The market for RFID technology may see increased uptake over the next three years as Canadian manufacturers and distributors begin to feel the pressure of complying with mandates from big retailers and the U.S. government, industry observers say.

And with compliance as a driver for RFID adoption, many manufacturers and distributors will be looking at acquiring hosted RFID services, according to George Goodall, research analyst at Info-Tech Research in London, Ont.

Hosted RFID services would allow companies to quickly set up a “slap-and-ship” RFID tool in order to “play the game” of big retailers like Wal-Mart and Target, which have mandated suppliers to use RFID tags for shipping goods, said Goodall.

“Short-term, hosted RFID is a stop-gap measure, so I think over the next three years it will increase in popularity, but after that point, some of the more core technology will become more available,” he said. IBM and Seeburger are two major vendors that offer hosted RFID services ideal for manufacturers “struggling with RFID mandates from key customers,” read an Info-Tech research note.
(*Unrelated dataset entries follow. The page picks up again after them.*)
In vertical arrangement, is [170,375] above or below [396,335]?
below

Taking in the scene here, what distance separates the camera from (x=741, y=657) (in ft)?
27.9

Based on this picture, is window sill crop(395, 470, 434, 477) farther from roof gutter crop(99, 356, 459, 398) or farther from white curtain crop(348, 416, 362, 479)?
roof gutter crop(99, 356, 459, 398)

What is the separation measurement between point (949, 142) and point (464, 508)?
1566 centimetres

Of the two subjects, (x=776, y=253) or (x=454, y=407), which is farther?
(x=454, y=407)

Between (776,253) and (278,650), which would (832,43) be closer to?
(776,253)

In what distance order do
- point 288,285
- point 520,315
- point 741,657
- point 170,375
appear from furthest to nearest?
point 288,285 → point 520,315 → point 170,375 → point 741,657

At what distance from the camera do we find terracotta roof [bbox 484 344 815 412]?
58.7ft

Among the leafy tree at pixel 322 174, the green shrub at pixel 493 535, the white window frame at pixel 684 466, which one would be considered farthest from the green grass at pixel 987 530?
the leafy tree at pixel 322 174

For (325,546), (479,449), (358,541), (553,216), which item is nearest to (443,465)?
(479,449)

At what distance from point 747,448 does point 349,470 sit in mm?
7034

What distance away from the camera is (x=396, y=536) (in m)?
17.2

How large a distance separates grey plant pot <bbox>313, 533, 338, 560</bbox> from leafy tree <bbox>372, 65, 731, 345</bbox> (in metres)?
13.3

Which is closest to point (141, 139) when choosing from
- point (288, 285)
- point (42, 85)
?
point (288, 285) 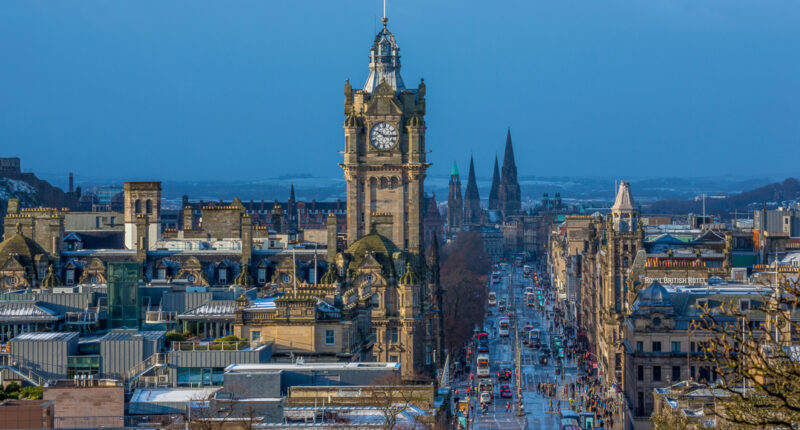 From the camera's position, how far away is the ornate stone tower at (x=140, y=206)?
147m

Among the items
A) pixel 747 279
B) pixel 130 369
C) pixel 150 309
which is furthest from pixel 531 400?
pixel 130 369

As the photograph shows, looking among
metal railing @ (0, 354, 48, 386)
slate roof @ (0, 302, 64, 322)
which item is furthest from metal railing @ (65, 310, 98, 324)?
metal railing @ (0, 354, 48, 386)

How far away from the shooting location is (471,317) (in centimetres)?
19675

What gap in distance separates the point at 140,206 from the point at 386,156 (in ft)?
69.0

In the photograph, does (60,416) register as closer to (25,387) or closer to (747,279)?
(25,387)

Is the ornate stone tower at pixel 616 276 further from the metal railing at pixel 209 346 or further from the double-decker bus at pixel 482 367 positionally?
the metal railing at pixel 209 346

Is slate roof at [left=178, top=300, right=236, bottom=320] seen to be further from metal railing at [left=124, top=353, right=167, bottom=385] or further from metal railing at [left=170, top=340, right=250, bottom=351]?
metal railing at [left=124, top=353, right=167, bottom=385]

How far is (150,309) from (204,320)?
5.48 metres

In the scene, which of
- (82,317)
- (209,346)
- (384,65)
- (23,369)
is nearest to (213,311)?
(82,317)

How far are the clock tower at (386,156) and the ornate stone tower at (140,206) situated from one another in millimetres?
15896

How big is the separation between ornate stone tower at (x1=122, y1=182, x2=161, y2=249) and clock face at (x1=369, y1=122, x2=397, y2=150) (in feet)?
59.8

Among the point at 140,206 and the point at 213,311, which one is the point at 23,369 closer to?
the point at 213,311

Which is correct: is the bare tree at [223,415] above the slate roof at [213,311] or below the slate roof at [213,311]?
below

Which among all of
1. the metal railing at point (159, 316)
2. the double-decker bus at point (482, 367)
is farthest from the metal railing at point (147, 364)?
the double-decker bus at point (482, 367) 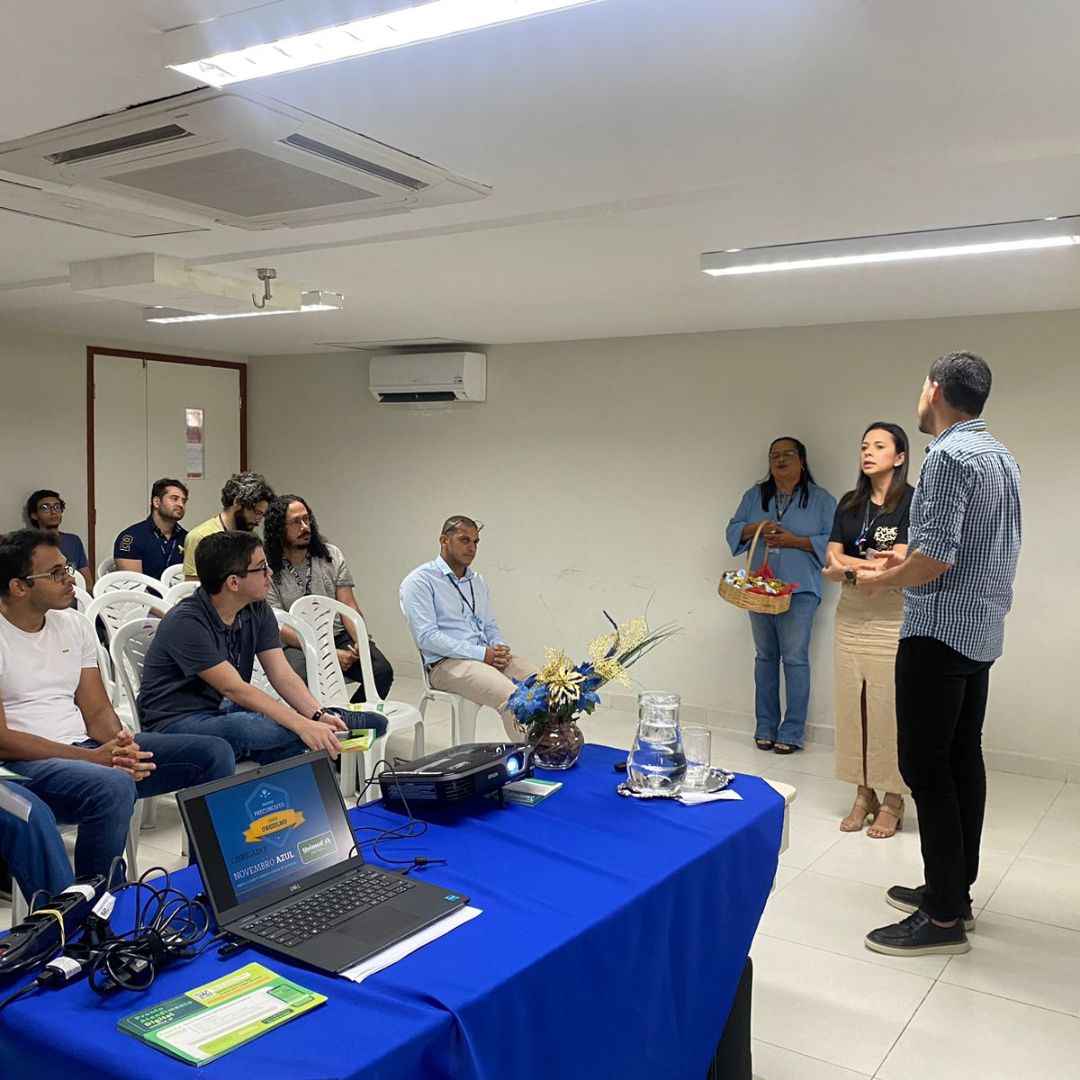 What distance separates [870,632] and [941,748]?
3.81 feet

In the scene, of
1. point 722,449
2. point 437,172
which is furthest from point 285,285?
point 722,449

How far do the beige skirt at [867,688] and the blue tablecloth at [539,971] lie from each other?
5.95ft

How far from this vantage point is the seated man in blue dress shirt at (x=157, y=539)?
6246 millimetres

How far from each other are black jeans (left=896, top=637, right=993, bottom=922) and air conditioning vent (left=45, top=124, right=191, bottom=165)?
8.18 feet

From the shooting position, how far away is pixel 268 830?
6.39 ft

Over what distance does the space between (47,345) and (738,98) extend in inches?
240

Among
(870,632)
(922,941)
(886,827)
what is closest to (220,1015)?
(922,941)

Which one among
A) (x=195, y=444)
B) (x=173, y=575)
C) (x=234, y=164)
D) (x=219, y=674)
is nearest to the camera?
(x=234, y=164)

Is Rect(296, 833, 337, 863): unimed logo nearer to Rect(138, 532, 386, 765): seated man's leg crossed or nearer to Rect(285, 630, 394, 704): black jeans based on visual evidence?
Rect(138, 532, 386, 765): seated man's leg crossed

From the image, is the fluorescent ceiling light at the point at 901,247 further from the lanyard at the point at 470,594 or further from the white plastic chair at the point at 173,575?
the white plastic chair at the point at 173,575

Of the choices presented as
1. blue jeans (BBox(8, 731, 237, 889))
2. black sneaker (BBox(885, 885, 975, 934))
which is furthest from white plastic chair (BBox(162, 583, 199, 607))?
black sneaker (BBox(885, 885, 975, 934))

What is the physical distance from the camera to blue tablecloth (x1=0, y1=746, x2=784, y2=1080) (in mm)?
1452

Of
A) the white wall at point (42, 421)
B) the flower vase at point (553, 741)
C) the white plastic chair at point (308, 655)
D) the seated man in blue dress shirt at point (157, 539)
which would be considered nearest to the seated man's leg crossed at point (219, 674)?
the white plastic chair at point (308, 655)

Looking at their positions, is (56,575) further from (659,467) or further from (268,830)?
(659,467) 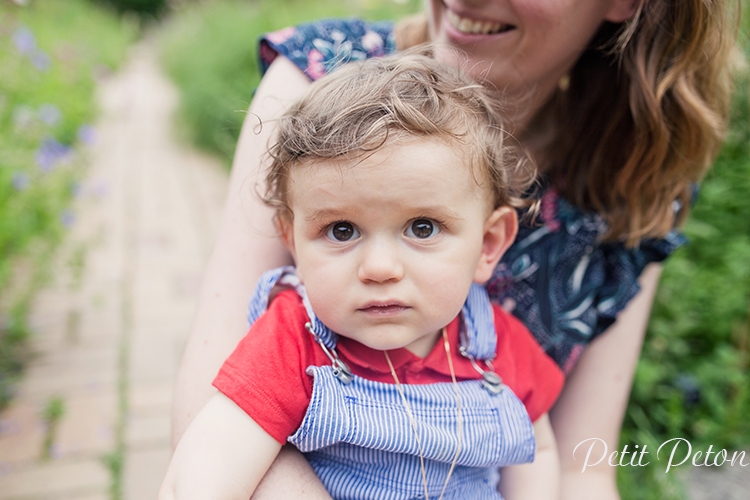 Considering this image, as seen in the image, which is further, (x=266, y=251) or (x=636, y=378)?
(x=636, y=378)

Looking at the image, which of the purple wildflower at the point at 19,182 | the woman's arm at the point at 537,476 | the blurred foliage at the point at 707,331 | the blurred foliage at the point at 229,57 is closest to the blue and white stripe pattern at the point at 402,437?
the woman's arm at the point at 537,476

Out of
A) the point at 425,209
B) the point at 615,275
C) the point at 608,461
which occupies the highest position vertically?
the point at 425,209

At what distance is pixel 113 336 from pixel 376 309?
246cm

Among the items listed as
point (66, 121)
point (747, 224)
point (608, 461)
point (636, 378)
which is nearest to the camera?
point (608, 461)

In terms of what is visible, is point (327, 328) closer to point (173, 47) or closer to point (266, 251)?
point (266, 251)

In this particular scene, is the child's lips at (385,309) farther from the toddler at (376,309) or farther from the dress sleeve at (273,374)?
the dress sleeve at (273,374)

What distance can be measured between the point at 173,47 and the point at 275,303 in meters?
9.34

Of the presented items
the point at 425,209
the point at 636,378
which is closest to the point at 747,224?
the point at 636,378

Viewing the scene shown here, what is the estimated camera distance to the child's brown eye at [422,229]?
3.44ft

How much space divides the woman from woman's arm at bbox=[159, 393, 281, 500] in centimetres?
33

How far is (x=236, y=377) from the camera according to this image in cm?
103

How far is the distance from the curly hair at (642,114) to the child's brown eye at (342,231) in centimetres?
71

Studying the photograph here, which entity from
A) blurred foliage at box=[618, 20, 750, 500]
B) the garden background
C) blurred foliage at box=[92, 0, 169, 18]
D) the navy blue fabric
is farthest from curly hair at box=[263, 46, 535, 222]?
blurred foliage at box=[92, 0, 169, 18]

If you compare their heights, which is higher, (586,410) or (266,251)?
(266,251) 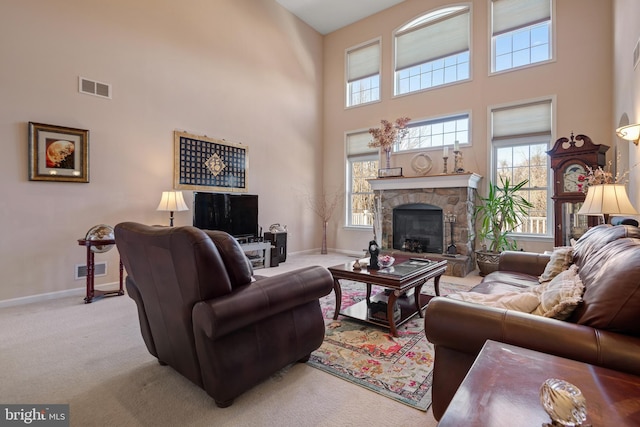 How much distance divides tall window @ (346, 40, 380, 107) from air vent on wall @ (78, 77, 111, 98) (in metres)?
4.80

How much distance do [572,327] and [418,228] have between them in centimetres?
470

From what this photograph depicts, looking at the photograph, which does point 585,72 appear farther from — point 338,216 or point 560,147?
point 338,216

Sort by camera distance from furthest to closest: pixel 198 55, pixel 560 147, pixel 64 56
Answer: pixel 198 55 < pixel 560 147 < pixel 64 56

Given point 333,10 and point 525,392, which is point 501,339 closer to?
point 525,392

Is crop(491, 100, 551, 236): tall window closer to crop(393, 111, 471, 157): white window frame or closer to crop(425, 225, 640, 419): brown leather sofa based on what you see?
crop(393, 111, 471, 157): white window frame

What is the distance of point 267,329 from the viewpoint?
6.01 feet

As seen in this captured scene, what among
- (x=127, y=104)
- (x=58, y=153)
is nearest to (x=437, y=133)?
(x=127, y=104)

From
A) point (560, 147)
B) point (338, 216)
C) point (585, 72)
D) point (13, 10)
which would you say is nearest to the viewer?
point (13, 10)

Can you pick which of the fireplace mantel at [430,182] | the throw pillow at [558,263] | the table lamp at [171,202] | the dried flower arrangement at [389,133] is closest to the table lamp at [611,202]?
the throw pillow at [558,263]

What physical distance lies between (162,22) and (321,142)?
3.93 m

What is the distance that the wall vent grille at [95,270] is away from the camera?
151 inches

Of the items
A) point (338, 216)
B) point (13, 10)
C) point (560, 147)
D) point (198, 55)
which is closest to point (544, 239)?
point (560, 147)

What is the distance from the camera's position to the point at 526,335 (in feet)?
3.96

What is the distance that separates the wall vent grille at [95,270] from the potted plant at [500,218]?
18.0 ft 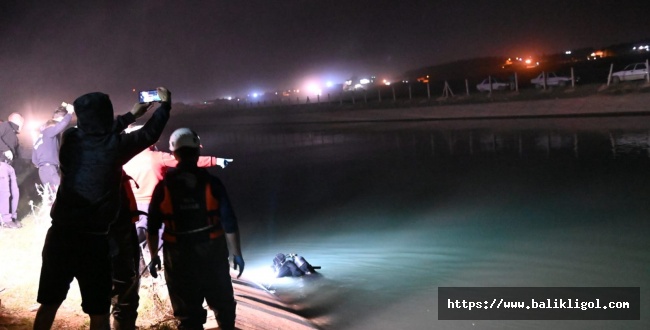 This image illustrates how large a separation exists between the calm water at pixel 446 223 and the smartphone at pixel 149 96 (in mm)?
3778

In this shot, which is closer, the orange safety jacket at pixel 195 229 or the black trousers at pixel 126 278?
the orange safety jacket at pixel 195 229

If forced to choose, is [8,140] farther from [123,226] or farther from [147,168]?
[123,226]

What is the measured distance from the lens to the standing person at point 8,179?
916 cm

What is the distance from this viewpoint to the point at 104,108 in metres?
3.58

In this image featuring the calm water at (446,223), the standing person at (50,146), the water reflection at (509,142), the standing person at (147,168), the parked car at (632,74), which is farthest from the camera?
the parked car at (632,74)

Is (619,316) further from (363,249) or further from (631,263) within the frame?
(363,249)

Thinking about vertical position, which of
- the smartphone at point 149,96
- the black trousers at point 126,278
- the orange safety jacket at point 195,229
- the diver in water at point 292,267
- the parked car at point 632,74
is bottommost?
the diver in water at point 292,267

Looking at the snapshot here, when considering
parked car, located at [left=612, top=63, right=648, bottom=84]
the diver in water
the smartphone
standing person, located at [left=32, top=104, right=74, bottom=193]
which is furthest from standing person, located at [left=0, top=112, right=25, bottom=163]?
parked car, located at [left=612, top=63, right=648, bottom=84]

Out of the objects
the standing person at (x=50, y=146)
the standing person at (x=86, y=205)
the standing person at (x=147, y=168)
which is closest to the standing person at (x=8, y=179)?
the standing person at (x=50, y=146)

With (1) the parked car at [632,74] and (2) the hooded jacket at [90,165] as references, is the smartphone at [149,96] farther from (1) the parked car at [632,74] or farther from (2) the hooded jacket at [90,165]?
(1) the parked car at [632,74]

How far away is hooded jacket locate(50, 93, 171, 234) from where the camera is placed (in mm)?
3494

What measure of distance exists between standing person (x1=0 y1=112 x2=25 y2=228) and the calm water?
13.6 ft

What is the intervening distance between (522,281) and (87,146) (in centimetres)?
617

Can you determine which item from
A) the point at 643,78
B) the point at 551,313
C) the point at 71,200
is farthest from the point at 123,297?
the point at 643,78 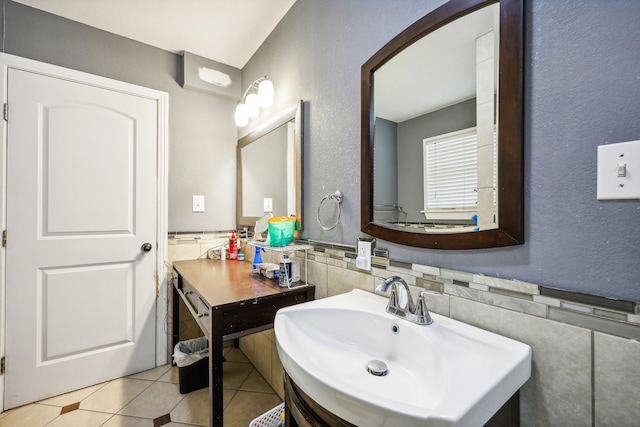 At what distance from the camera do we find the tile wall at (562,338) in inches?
21.2

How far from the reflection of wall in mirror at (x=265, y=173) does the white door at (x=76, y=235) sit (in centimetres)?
65

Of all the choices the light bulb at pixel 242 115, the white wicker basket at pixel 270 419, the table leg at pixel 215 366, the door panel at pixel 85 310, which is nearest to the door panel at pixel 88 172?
the door panel at pixel 85 310

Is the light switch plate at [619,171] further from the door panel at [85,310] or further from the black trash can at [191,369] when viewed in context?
the door panel at [85,310]

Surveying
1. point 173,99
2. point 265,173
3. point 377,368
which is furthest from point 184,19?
point 377,368

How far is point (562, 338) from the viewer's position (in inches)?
23.9

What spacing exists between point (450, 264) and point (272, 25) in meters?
1.84

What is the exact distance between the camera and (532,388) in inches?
25.8

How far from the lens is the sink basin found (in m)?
0.47

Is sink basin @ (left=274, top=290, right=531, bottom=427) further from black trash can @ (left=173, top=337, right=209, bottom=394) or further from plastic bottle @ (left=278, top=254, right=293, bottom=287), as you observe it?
black trash can @ (left=173, top=337, right=209, bottom=394)

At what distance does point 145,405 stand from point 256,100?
78.5 inches

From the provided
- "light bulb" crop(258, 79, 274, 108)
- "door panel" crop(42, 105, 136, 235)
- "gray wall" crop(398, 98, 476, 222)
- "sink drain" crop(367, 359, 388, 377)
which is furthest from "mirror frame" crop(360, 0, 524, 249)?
"door panel" crop(42, 105, 136, 235)

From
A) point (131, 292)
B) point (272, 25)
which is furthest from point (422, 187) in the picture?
point (131, 292)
IBM launched its Expressed RFID Services in the fall of 2005 in anticipation of an expected increase in RFID adoption this year, said Ray Paskauskas, RFID solutions manager for IBM Canada in Markham, Ont.

“RFID adoption in the U.S. is ahead of Canada [but] right now we are preparing for a lot more activity in 2006…for major retailers in Canada,” said Paskauskas.

The IBM executive pointed out that managed services would allow small and medium-sized manufacturers to “fulfill the minimum requirement at a much lower cost.” The hosted service involves customers entering product information by scanning product barcodes. This information is electronically sent to the hosted software that converts it into EPC (electronic product code), the global standard for RFID codes. RFID tags are then printed by the customer and placed on the case or palette before shipping.

“There isn’t a less expensive [RFID] solution in the marketplace and we are seeing a range of between $60,000 to $100,000 [to invest] in an on-premise RFID technology,” he said. Startup cost for IBM’s RFID Express Service is under $35,000, which includes the barcode reader, RFID printer, access to the application and services, as well as help desk support and equipment monitoring. The succeeding monthly fee is less than $1,000, said Paskauskas.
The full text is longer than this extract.